01 Aug Festival Totem Awards 2017
Festival totems — you either hate ’em, or you love ’em. We truly see both sides of the issue, but you must admit, some of them are downright funny.
(They’re ESPECIALLY funny when carried by someone who respects the rest of the crowd to turn them sideways as to not block the views of others! Just sayin’.)
We rounded up some of the best totems festival goers have seen this year and awarded them by category.
Best Cry For Help Award
That wasn’t weed, Dad. Dad?
Squad Goals Awards
This magical contraption is literally hooked onto their pants! I can’t tell if this is a festival installation, or some very dedicated, very rad GA patrons. Either way, it’s beautiful.
Most Wholesome Totem Award
Your friendly reminder to eat your veggies, and never turn down at The Forest.
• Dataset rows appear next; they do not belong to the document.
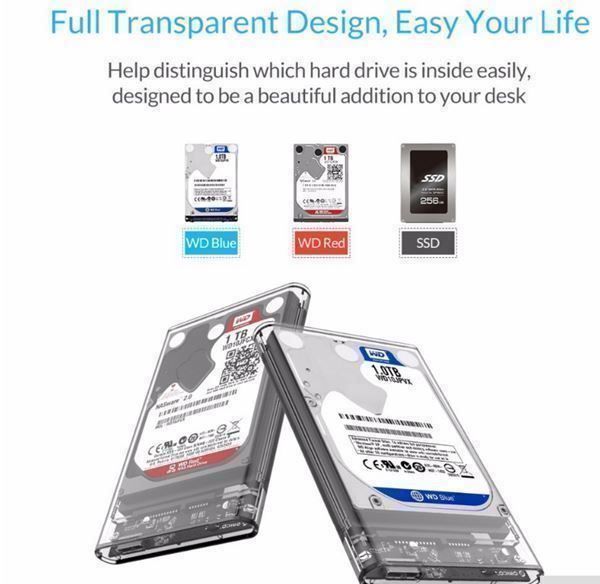 Dischi rigidi: HDD Gehäuse USB3.0 zu Sata 3.0 UASP – Nuovo e nell'imballaggio originale da Unterägeri venduto da RmOnline 1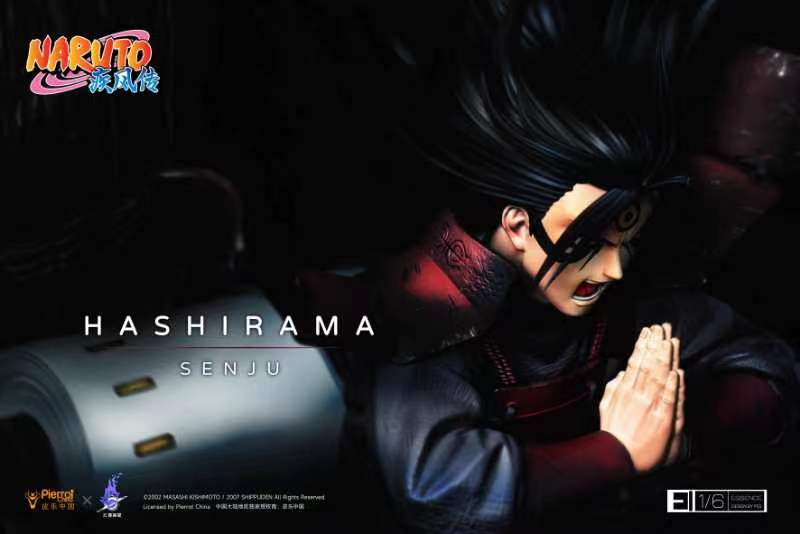 Naruto Pickstar Studio Senju Hashirama & Uchiha Madara Licensed Resin Statue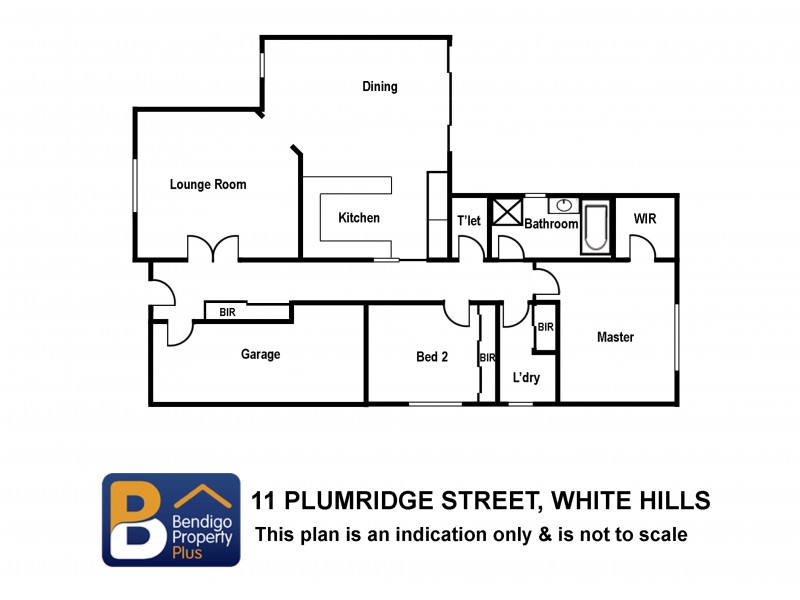 11 Plumridge Street, White Hills VIC 3550 Floorplan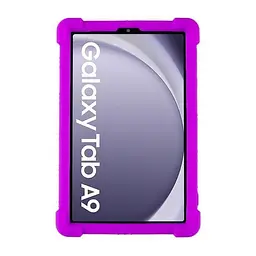Чохол SoftGel Kids дитячий Samsung Galaxy Tab A9 SM X110 X115 Фіолетовий - мініатюра 4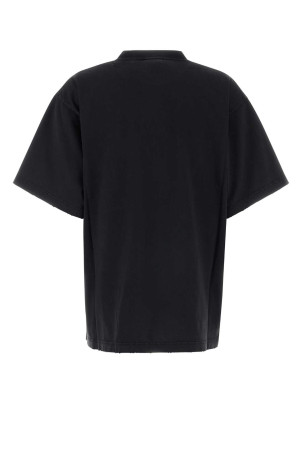 Slate cotton t-shirt Multicolor BALENCIAGA (871733TUVO6)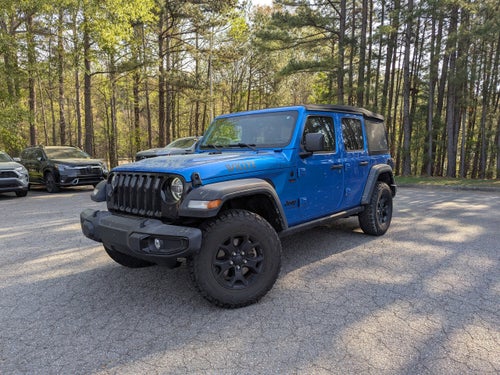 2021 Jeep Wrangler Willys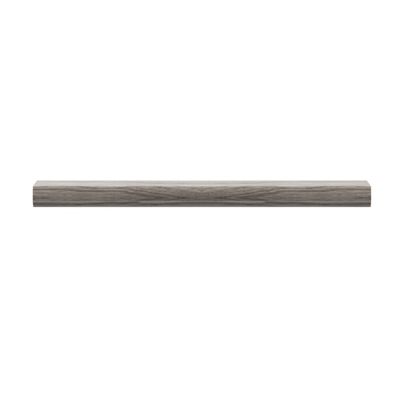 Poignée effet chêne grisé GoodHome Atomia H. 2,8 x L. 29,3 x P. 1,9 cm vendue par 2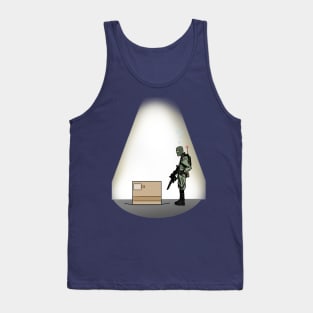 MGS "What's the box?" Tank Top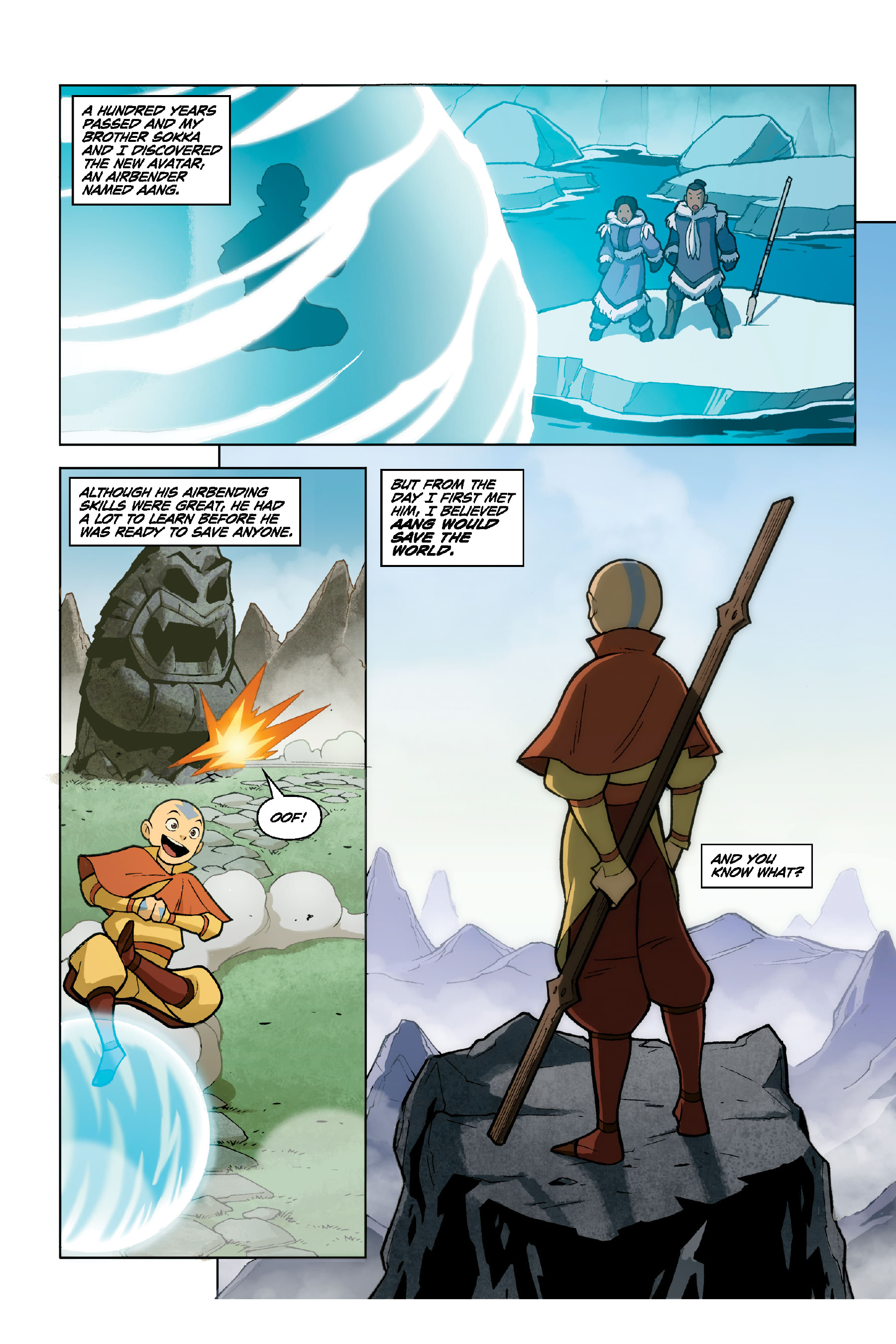 Avatar: The Last Airbender--The Promise Omnibus (2020) issue 1 - Page 6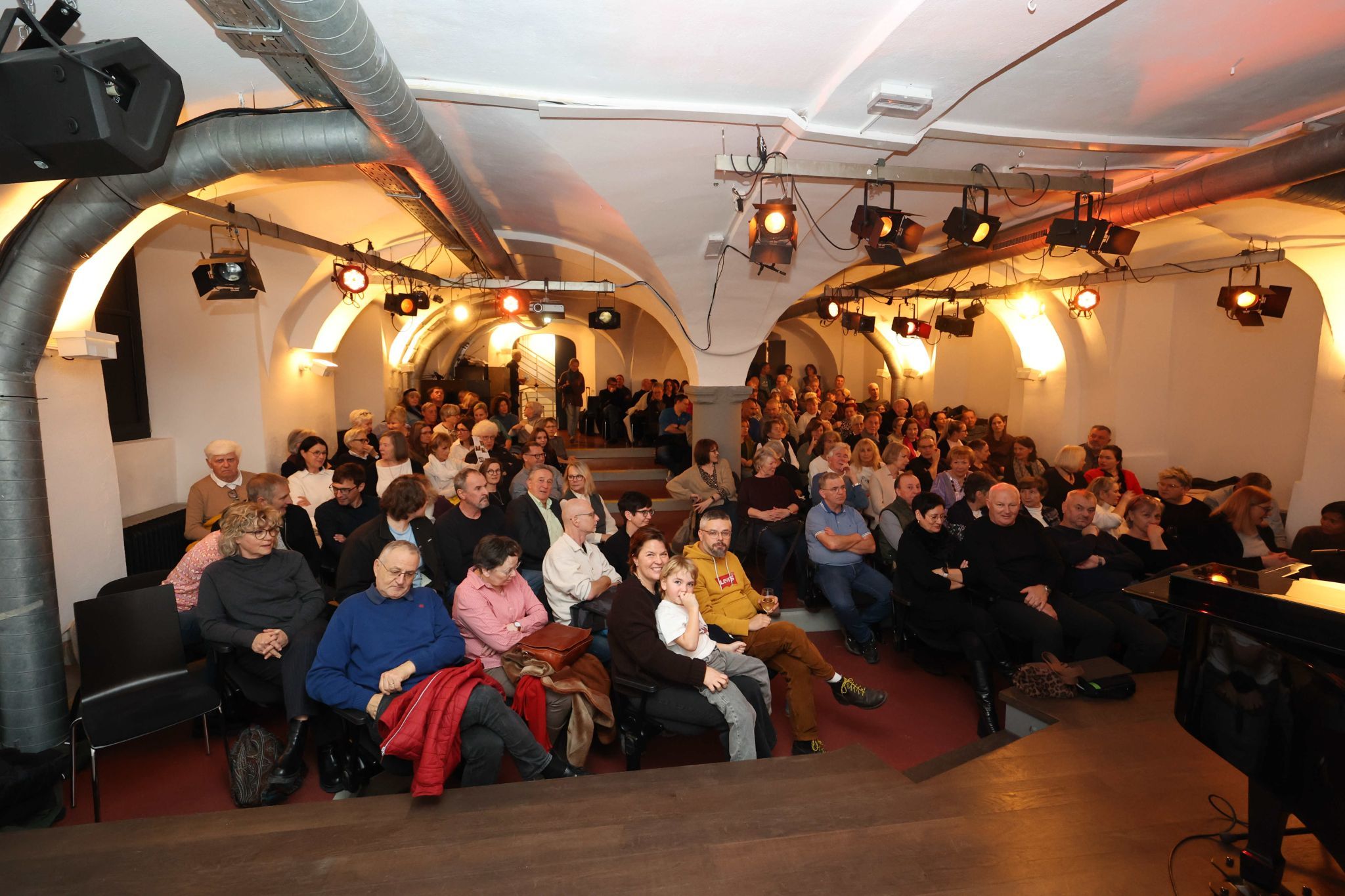 Das TaS war ausverkauft.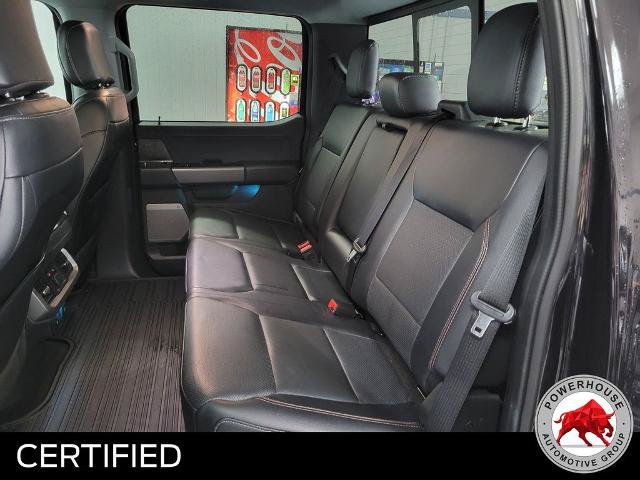 Certified 2023 Ford F150 Lariat w/ Equipment Group 502A High AWD/4WD image 16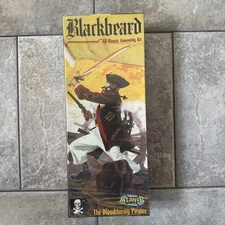 Atlantis Models 1/10 Scale Blackbeard the Bloodthirsty Pirate Plastic Model Kit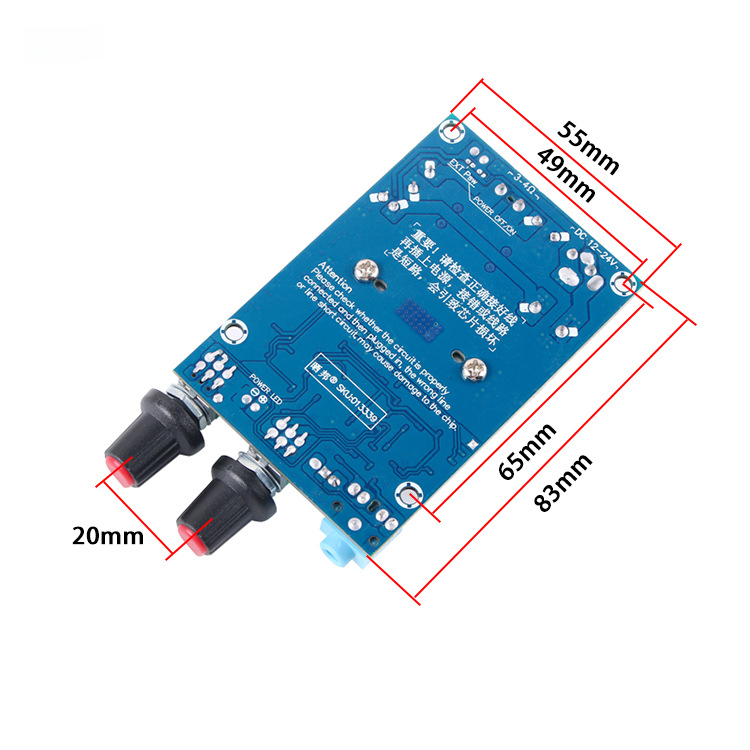 電子コンポーネント - 集積回路 IC - Lm386n-1 Lm386n デュアル高出力オーディオ アンプ チップ|undefined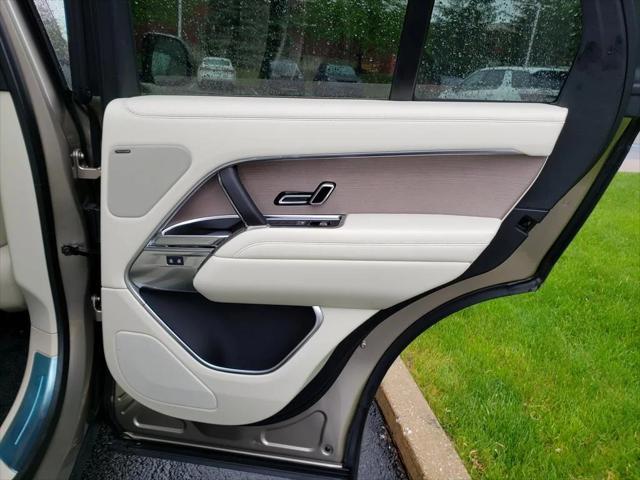new 2025 Land Rover Range Rover car, priced at $129,065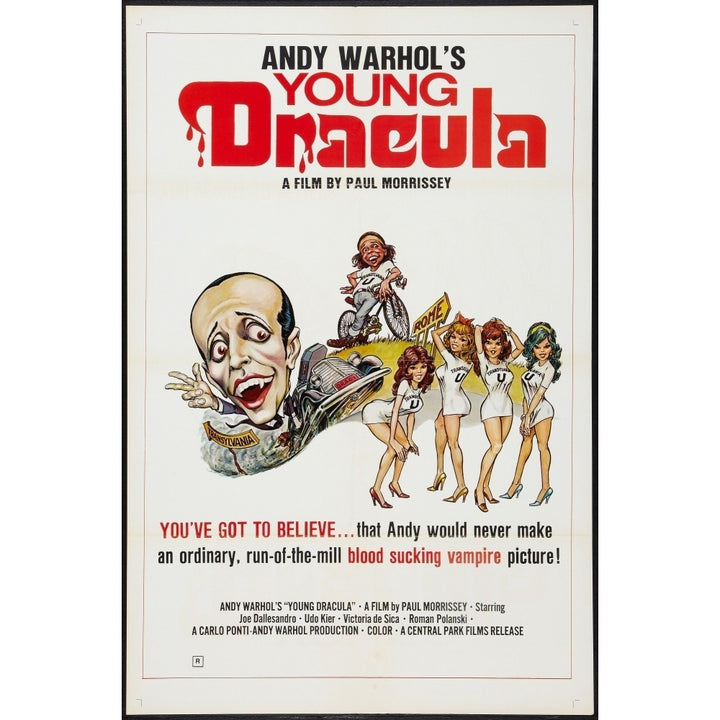 Andy WarholS Young Dracula Movie Poster Masterprint Image 1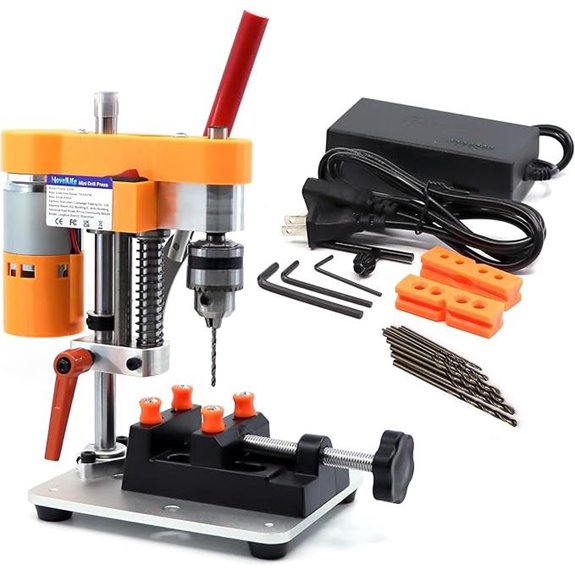 NovelLife Mini Drill Press for DIY Crafts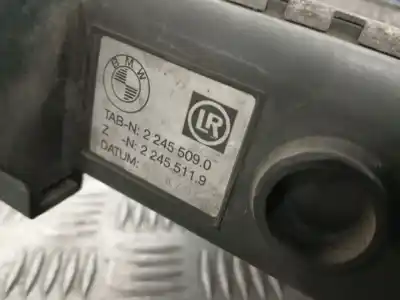 Second-hand car spare part water radiator for bmw 3 (e36) 318 tds oem iam references 22455090 22455060 22455119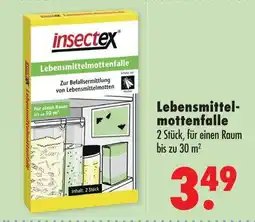 Mäc Geiz Insectex lebensmittelmottenfalle Angebot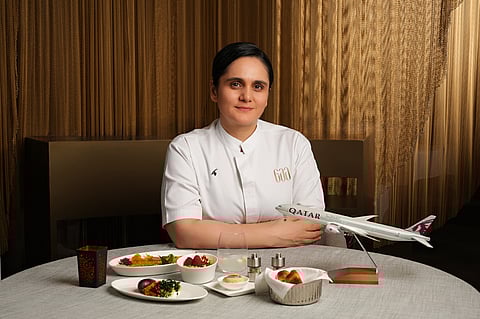 A portrait of Chef Garima Arora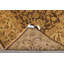 Tapis traditionnel Oushak en laine, noué à la main, brun beige, 2,36 m x 2,97 m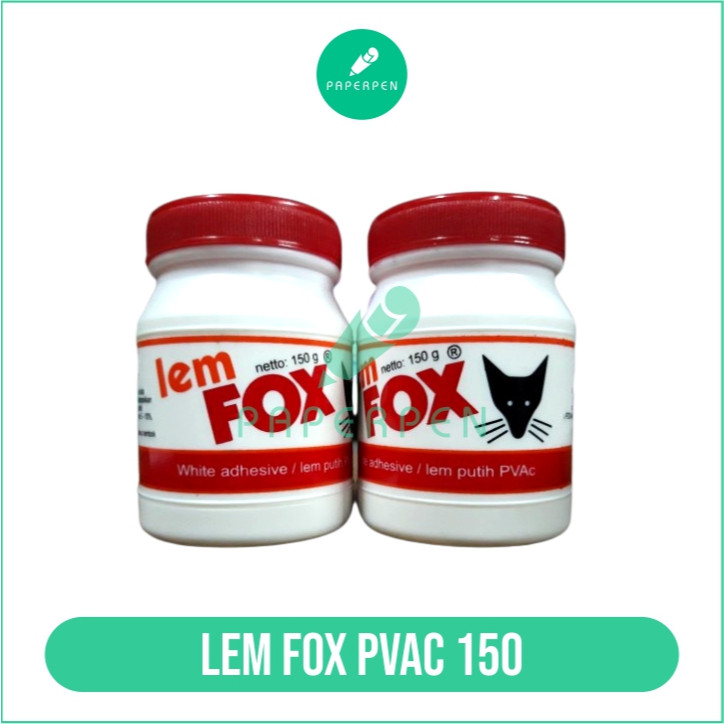 

[SG] LEM FOX PVAC 150 GRAM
Best Meme-Turned-Totem Award
We found the plug, I guess.
Most Likely To Drink Wine Out Of Cans Award
It happens to the best of us. The Gang should know the drill- stay calm, make a plan, and call Frank. But whatever you do, don’t let Rickety Cricket in your tent.
Best Character Crossover Award
Lionel Richie and Waldo just had a love child. No more games, Waldo- we saw you all weekend.
Never Gets Old Award
Eliza Thornberry’s little brother was definitely a wook in the making. I wonder what he’s up to now.
Best Face Melting, Universe Travelling Award
If you aren’t getting Rick And Morty’d at a festival, you probably aren’t doing it right.
Current Events Award
Some say he was just a Gorilla. But how do you explain how he used this flower-kqween Snapchat filter on his iPhone7 before his passing? He was one of us. This long haired music lover is a true activist. Never forget.
Whose mans is this? This dude’s respect level is unparalleled- blocking no views, but partying just as hard as the pill poppin’ Spongebob squad. Rage on, friend.
It’s Clit Fam Award
Because what’s girl power without a massive, light-up, lady bit made out of a boa? This is modern art.